Maserati 250F (self-entered)

Where?

Reims

When?

1954 French GP (4 July 1954)

Why?

What has a Scandinavian woman named Barbara Grut to do with Grand Prix racing? Well, a light blue evening dress she owned gave the color for the Siamese national racing colors!

In the late 20s three members of the Siamese royal family came to England to study. They were the king's nephews, Prince Abhas, Prince Chirasakti and Prince Birabongse. Prince Birabongse Bhanutej Bhanubandh was born in 1914 and had been car-crazy since the day he as a little child had sat on the lap of the chauffeur and been allowed to steer one of the cars belonging to the royal car park. He came to England in 1927 and supervised by his older cousin Prince Chula Chakrabongse he educated at Eton and Cambridge before concentrating on sculpture. In 1932 Birabongse got his first car, a MG Magna. In 1935 after much persuasion he finally got Chula's permission to enter a Riley Imp in a race at Brooklands. The car was sent to a garage for tuning and was painted light blue after a dress of a young girl Birabongse had met. Birabongse started at Brooklands under the name "B Bira" and showed promise during the race but the car proved far too slow so it was soon replaced by a M3 Magnette. With it Bira entried several local British events.

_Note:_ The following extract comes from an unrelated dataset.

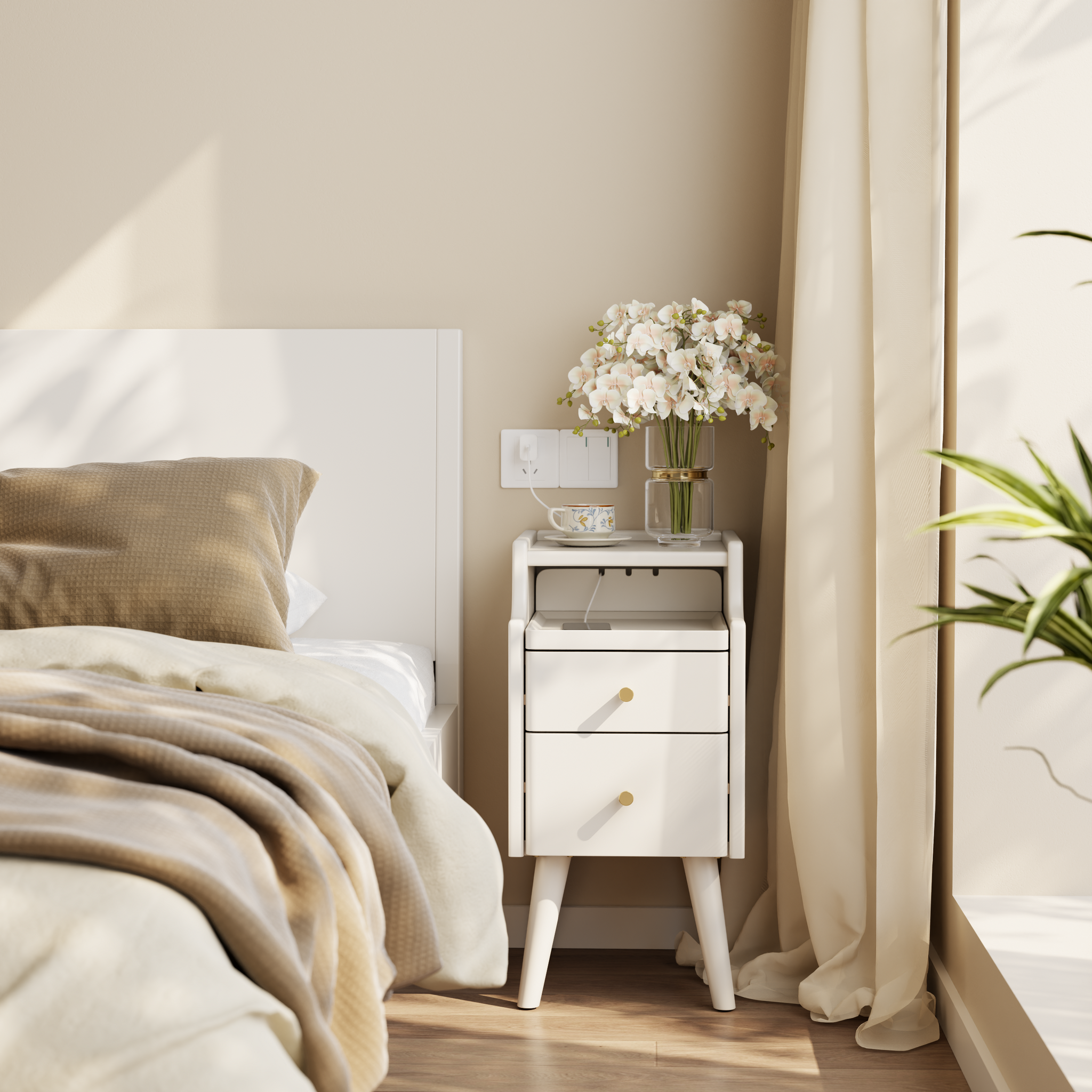 Solid wood classic minimalist nightstand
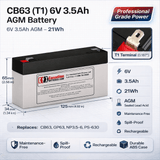 6 Volt 3.5 Amp Hour Sealed Lead Acid Battery Sealed Lead Acid (Special) BB Generic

In 1935 the sensational new ERA voiturettes were offered for sale and Prince Chula was one of the first buyers. The car, a 1.5 litre B-type, was given to Bira on his 21st birthday and was given the name "Romulus". Five days later Chula's and Bira's new White Mouse Stable, based at Hammersmith outside London, made itself known for the first time on the continent, at Dieppe on the French north coast for the 7th Grand Prix de Dieppe. The debut was quite sensational because Bira had to stop for new plugs but still managed to finish second. The team with its little spectacled oriental driver and with its non-interpretable Siamese pit signals was soon to be known on the race tracks all over Europe.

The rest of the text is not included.